Bringing such a building to completion is not always easy and sometimes requires a considerable amount of time. I know that the President of the Republic, the Mayor of Ljubljana and many important figures present here today, have accompanied this process with particular care and attention and a willingness to help. To them – to you – I would like to express the gratitude of the Holy See. At the same time, we are very grateful to the Archdiocese of Ljubljana, which for more than twenty years has offered such a convenient location for the offices and the residence of the Apostolic Nuncio.

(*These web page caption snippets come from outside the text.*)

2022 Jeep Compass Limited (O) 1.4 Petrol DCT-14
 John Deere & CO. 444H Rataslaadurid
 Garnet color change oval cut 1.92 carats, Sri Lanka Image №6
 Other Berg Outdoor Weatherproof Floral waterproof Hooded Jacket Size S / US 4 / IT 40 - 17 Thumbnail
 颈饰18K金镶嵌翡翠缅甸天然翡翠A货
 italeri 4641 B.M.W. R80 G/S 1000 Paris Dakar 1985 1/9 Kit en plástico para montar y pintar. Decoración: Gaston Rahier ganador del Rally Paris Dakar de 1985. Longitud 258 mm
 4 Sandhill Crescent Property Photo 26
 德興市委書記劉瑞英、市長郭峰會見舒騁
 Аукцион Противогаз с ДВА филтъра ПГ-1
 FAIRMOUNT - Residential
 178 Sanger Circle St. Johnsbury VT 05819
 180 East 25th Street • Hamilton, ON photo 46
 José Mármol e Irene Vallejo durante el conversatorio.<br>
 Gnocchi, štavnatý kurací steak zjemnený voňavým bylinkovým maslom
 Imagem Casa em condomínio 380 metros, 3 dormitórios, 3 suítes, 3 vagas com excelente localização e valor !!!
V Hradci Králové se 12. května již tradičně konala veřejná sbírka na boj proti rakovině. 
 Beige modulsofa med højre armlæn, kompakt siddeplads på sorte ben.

The Pope and the Holy See now has its own house in Slovenia! This is a place that speaks of solidarity and affection; a place of meeting and exchange, where relationships are cultivated; a place which is made human by the authenticity of those relationships. And, allow me to add that, in these times marked by the mobility of increasing numbers of people, an attitude of openness and mutual acceptance needs to be fostered by all.
I would also like to publicly recognise the effort of the Apostolic Nuncios who sought out this location and helped to bring the project for this building to fruition. Allow me to recall how much was done by Archbishop Edmond Farhat and by Archbishop Santos Abril y Castellò, now Cardinal and Archpriest of the Basilica of Saint Mary Major. Your current Nuncio, Archbishop Juliusz Janusz (who is also Dean of the Diplomatic Corps), has accumulated extensive experience in building new Nunciatures. Indeed, after Mozambique and Hungary, this is the third building that stands as testimony to his ability.
And this building, the Nuncio tells me, has a very Slovenian touch. In the part that was renovated, the architectural style of an existing historical house was preserved, whilst in the new building there is a chapel designed and executed by a famous Slovenian artist, Father Ivan Marko Rupnik. I want to thank all those, who with their skill and hard work have contributed to this magnificent building.
As we inaugurate this building, it is, of course, important to recall that an Apostolic Nuncio must be competent above all in building the bridges of human relationships, through dialogue and an openness to the humanity at the heart of every problem. That is ultimately the vocation of each and every Christian and underlines that the solid foundation from which we must start building is always Christ.
I cordially invoke God’s blessings of joy and peace for the people and leaders of the noble Slovenian nation.